[Image-text web data]
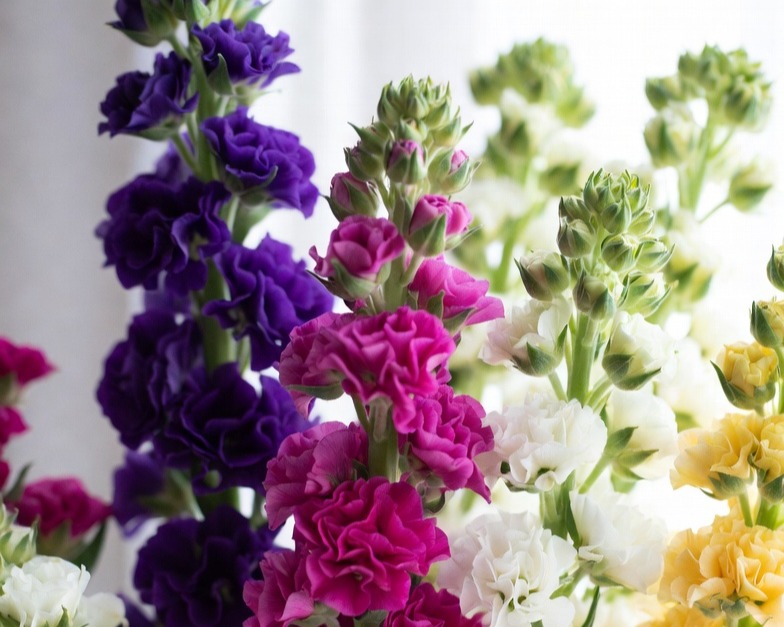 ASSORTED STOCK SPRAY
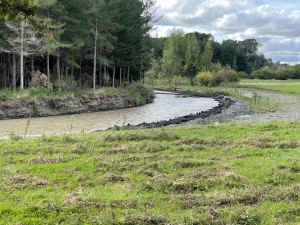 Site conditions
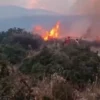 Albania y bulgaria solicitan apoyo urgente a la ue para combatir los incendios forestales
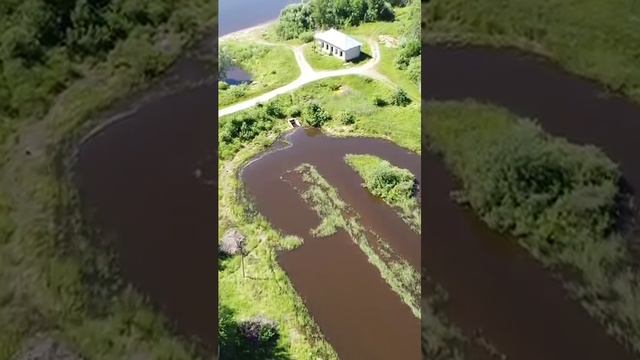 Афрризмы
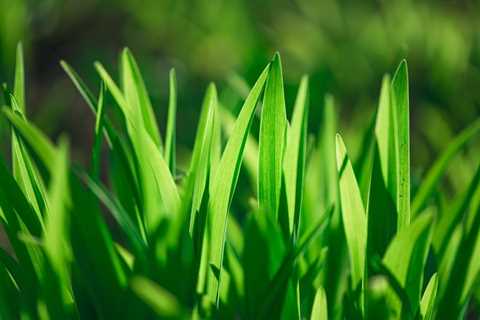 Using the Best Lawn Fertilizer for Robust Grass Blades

Exercise goal: Print all of the entries word for word. Skip any images they contain.

Reply:
 ASSORTED STOCK SPRAY
 Site conditions
 Albania y bulgaria solicitan apoyo urgente a la ue para combatir los incendios forestales
 Афрризмы
 Using the Best Lawn Fertilizer for Robust Grass Blades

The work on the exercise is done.